# [Records for this task]

--------------------------------------------------

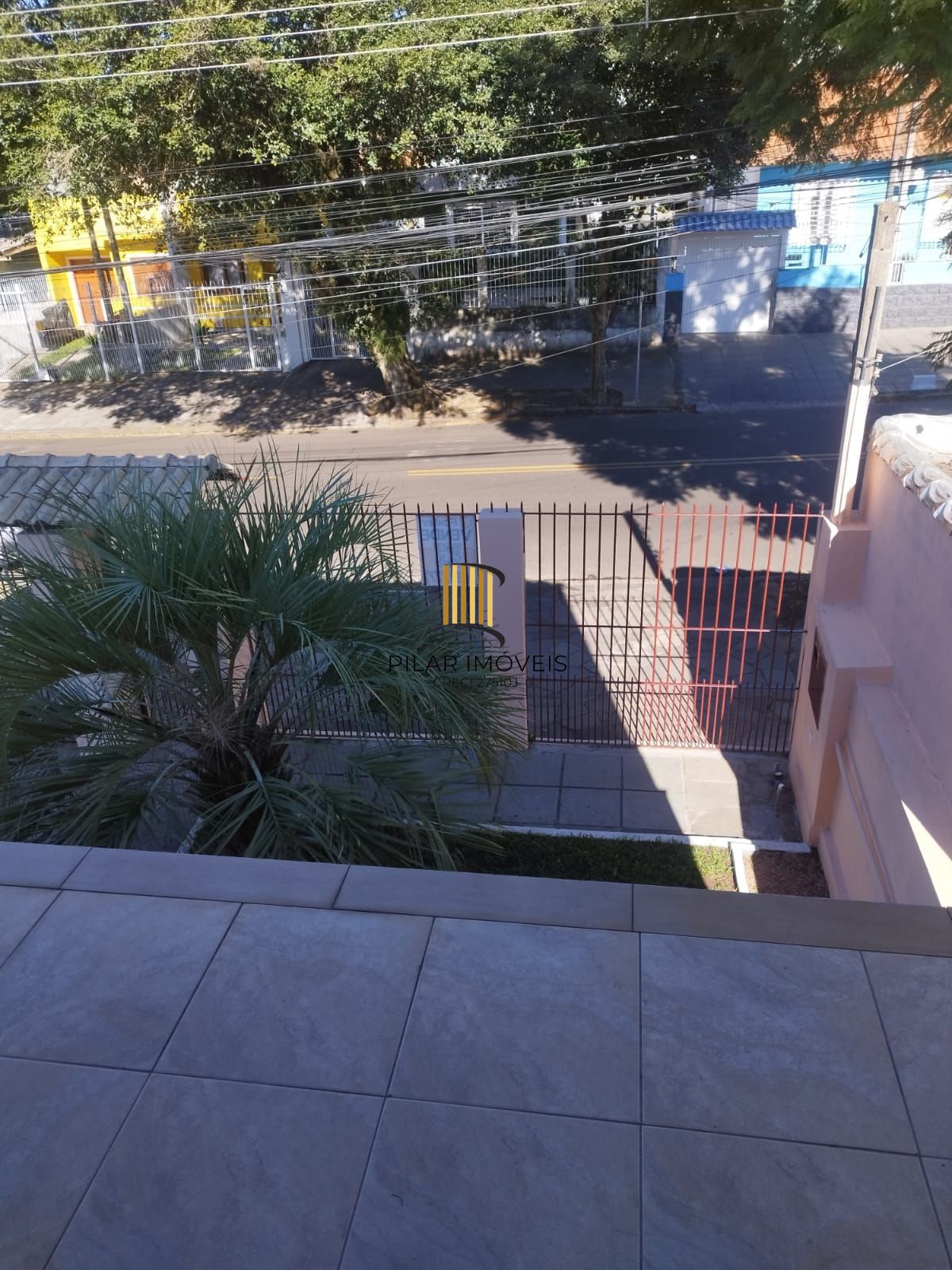 Casa de 4 dormitórios com 250 m² de área privativa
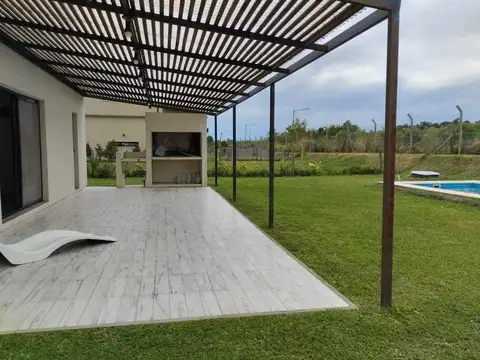 Casa 5 ambientes con 4 baños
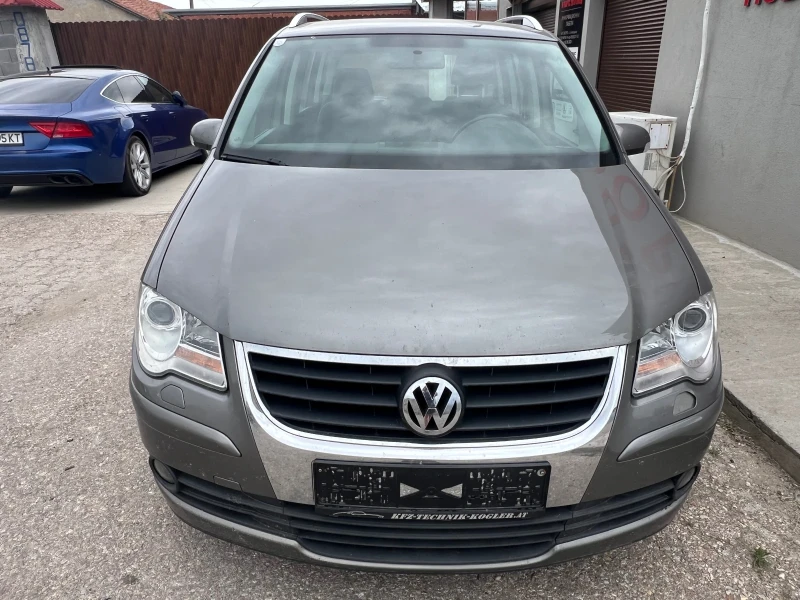 VW Touran 2.0TDI BMM, снимка 8 - Автомобили и джипове - 52645548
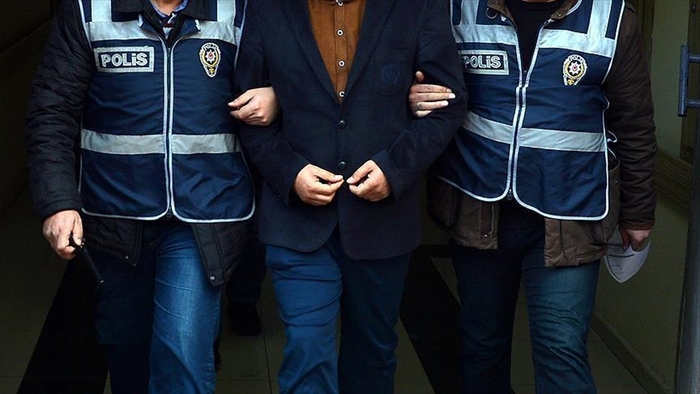 İstanbul'da 5'i profesör 7 kişi tutuklandı!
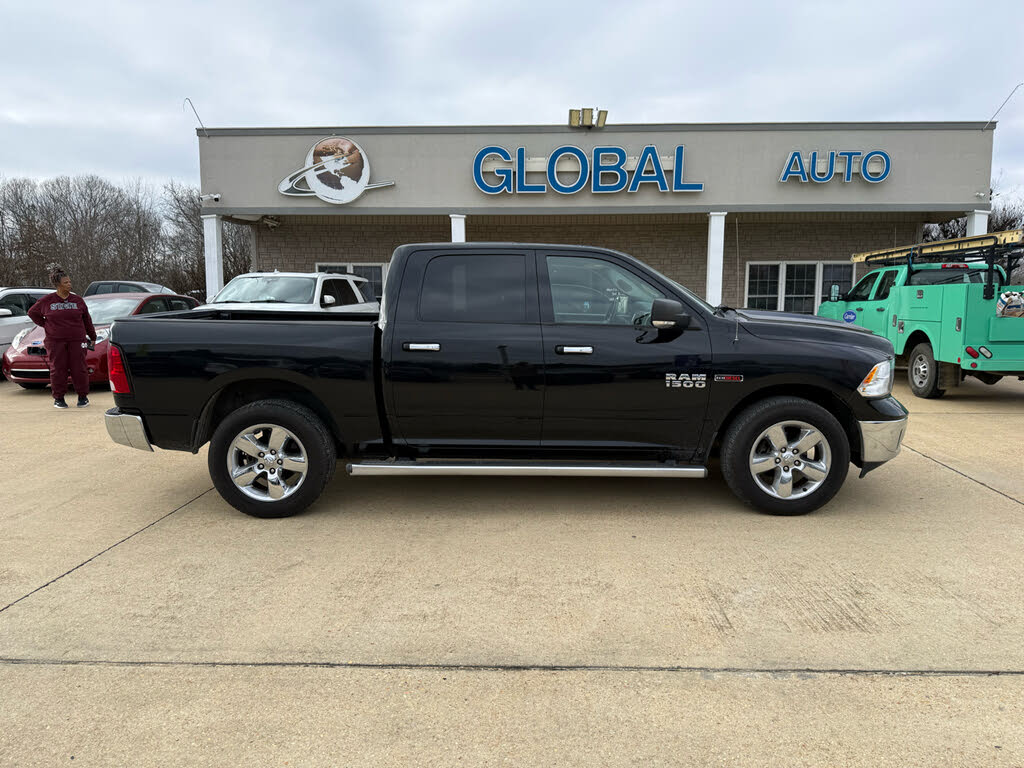 2015 RAM 1500 SLT Crew Cab RWD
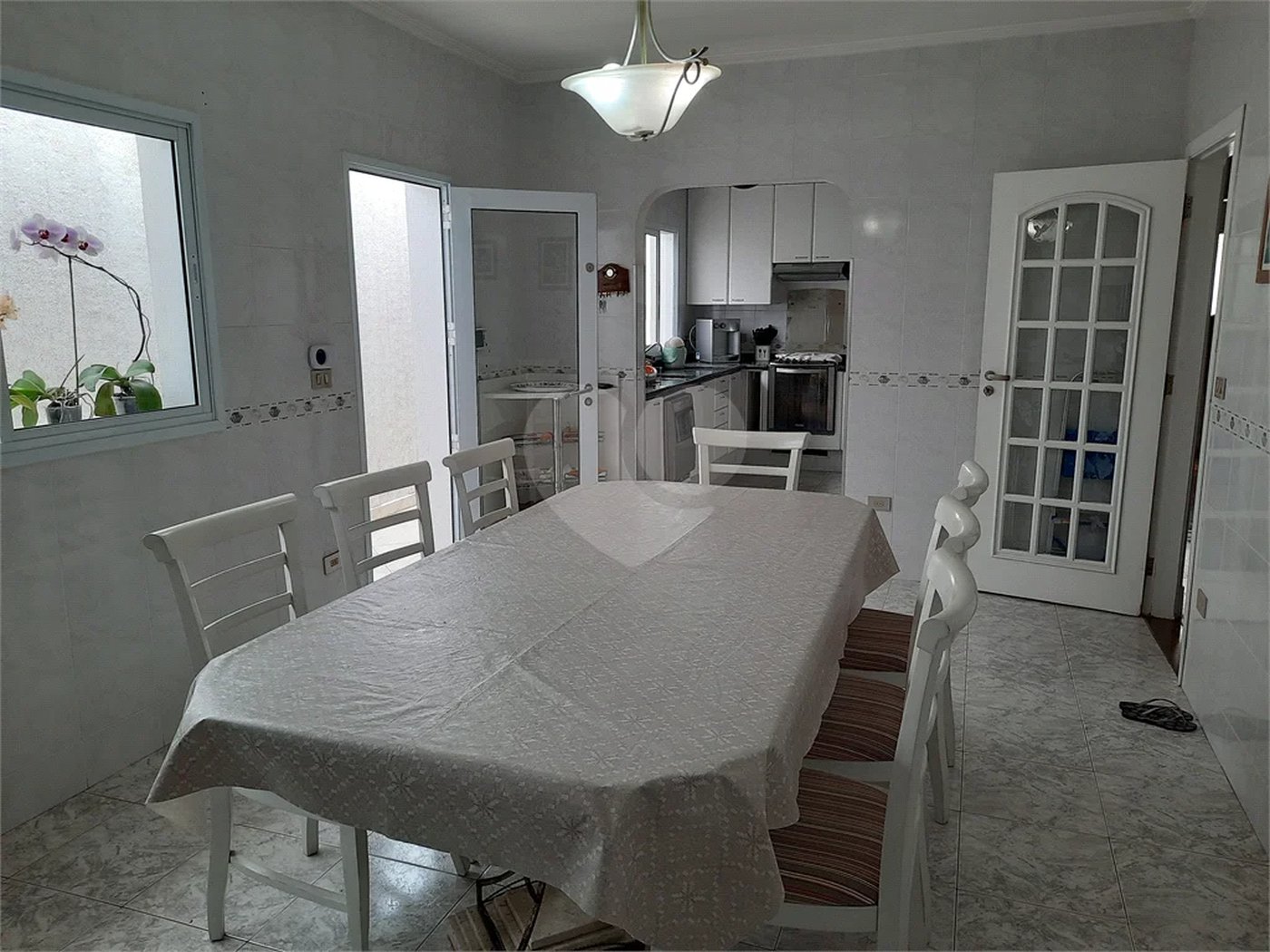 casa térrea na Vila Romana, 07 vagas de garagem, 4 quartos,, sendo 1 suíte amplo quintal.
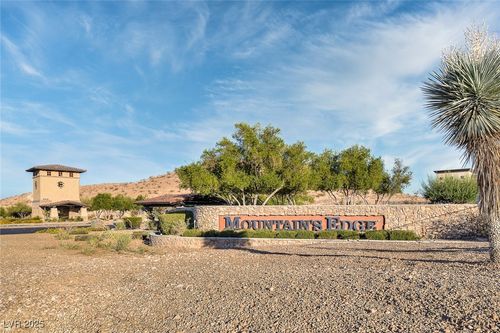 7440 Earnshaw Ave, Las Vegas, NV, 89179-1623 | Card Image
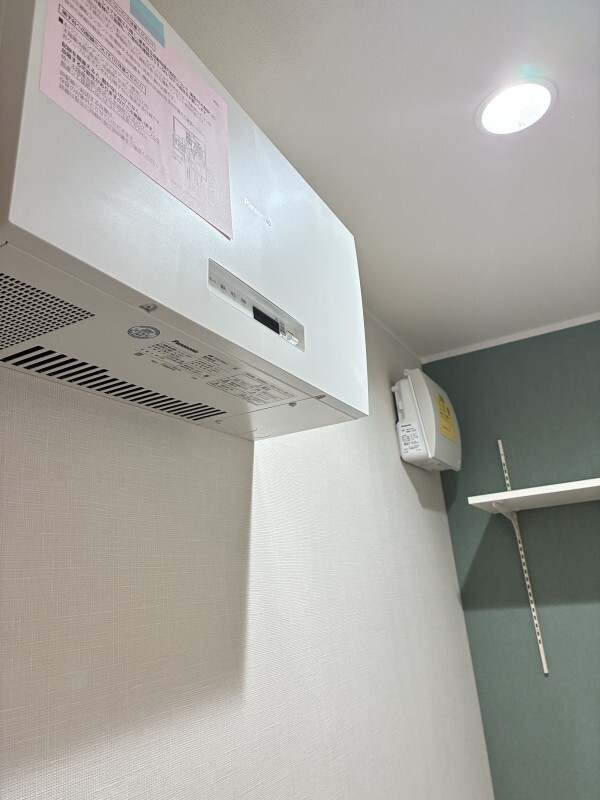 拡大写真：ユアメゾン益野　Ａ 2階201のコンパクトで使いやすいトイレです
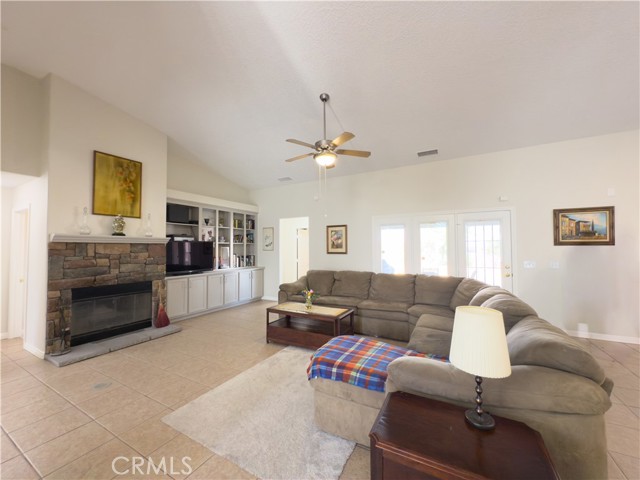 Detail Gallery Image 18 of 75 For 11123 Hickory Ave, Hesperia,  CA 92345 - 4 Beds | 2/1 Baths
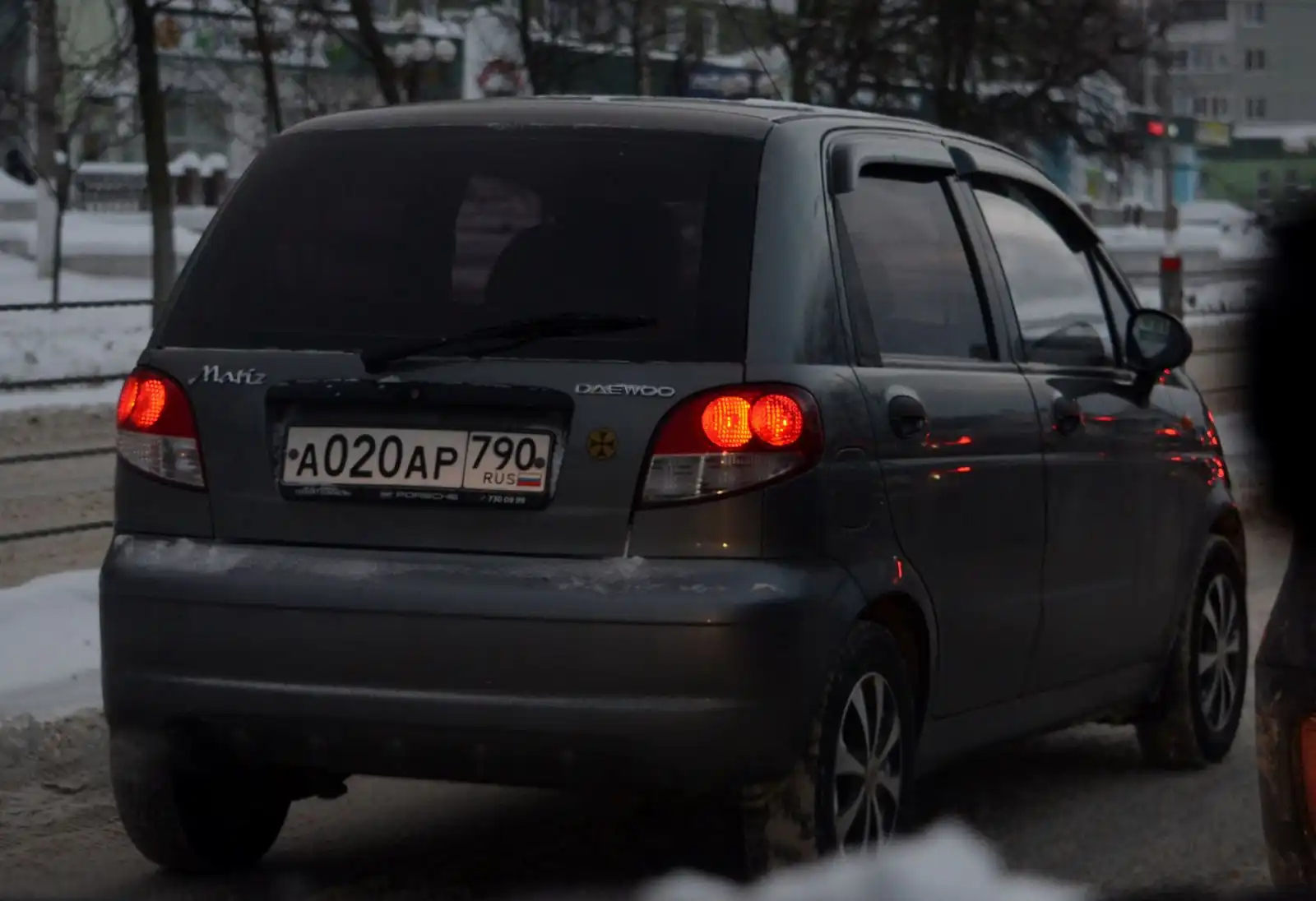 Фото автомобиля DAEWOO MATIZ, 2013 — госномер Р425ХА33. Цвет: СЕРЫЙ ТЕМНЫЙ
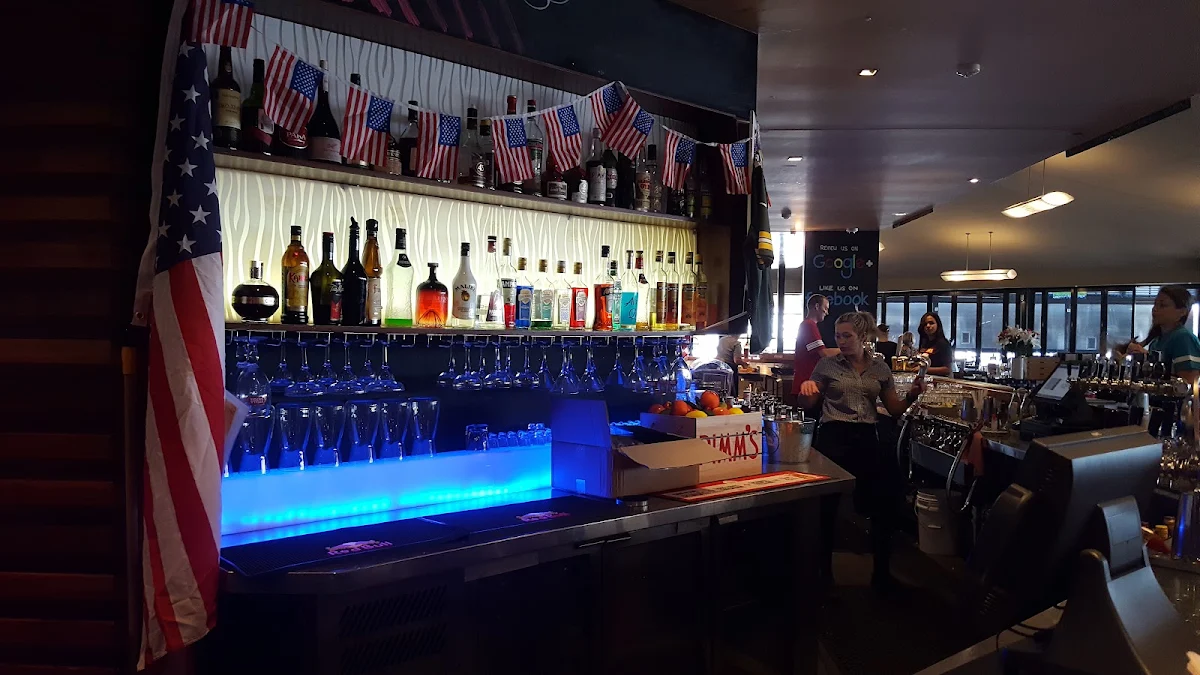 Vibe, Boardwalk Tavern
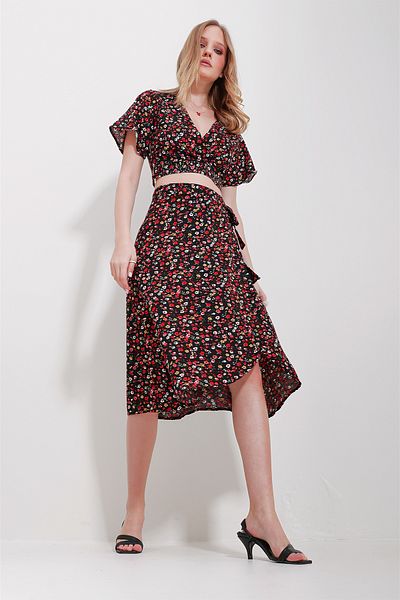Trend Alaçatı Stili Women's Black Double-breasted Collar Floral Patterned Blouse and Ruffled Skirt Woven Viscose Suit ALC-X11592
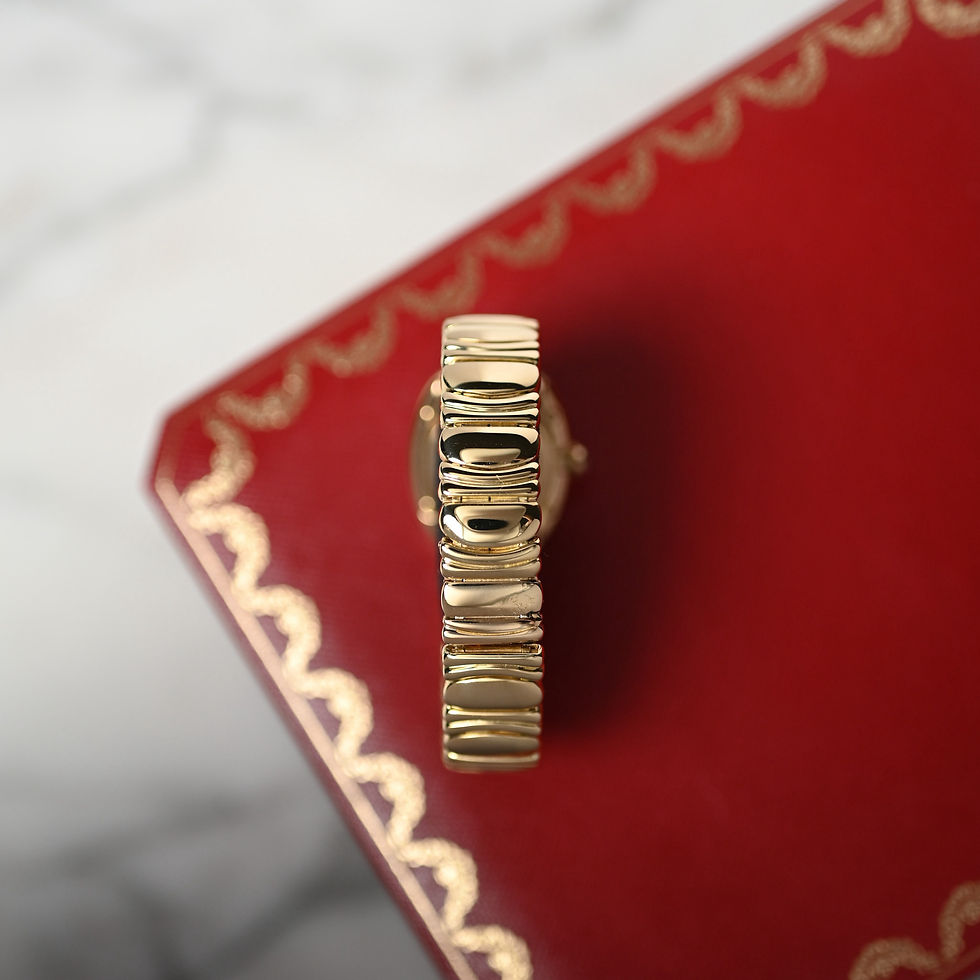 Thumbnail: Cartier Baignoire Small Yellow Gold Diamonds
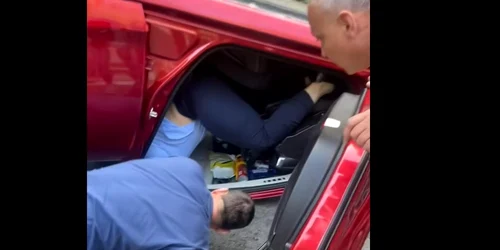 accident defileul jiului, captura video jpg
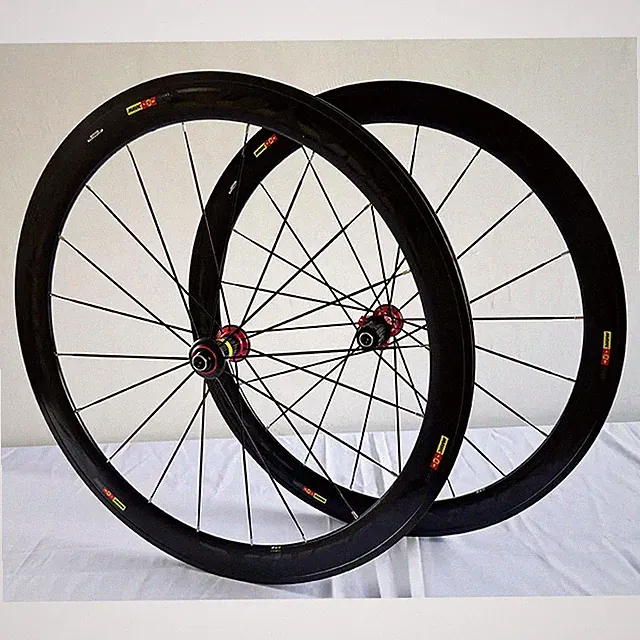 700C Road Bike Wheels Straight Pull Wind Break Wheelset for 7-11 Speed 20 Holes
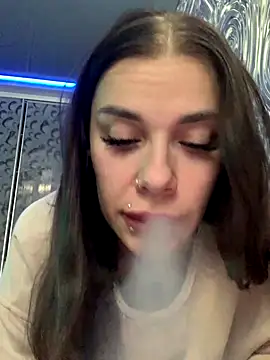 Snapshot of Queen_of_pain chatting on 09.24.25 Queen of pain online show from 09.24.25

--------------------------------------------------

# [Work task]
Repeat only the lines from the one with "Detail Gallery Image" through the end of the data, both included and exactly as written. Pictures stay out of the copy.

# [Reply]
 Detail Gallery Image 18 of 75 For 11123 Hickory Ave, Hesperia,  CA 92345 - 4 Beds | 2/1 Baths
 Фото автомобиля DAEWOO MATIZ, 2013 — госномер Р425ХА33. Цвет: СЕРЫЙ ТЕМНЫЙ
 Vibe, Boardwalk Tavern
Trend Alaçatı Stili Women's Black Double-breasted Collar Floral Patterned Blouse and Ruffled Skirt Woven Viscose Suit ALC-X11592
 Thumbnail: Cartier Baignoire Small Yellow Gold Diamonds
 accident defileul jiului, captura video jpg
 700C Road Bike Wheels Straight Pull Wind Break Wheelset for 7-11 Speed 20 Holes
 Snapshot of Queen_of_pain chatting on 09.24.25 Queen of pain online show from 09.24.25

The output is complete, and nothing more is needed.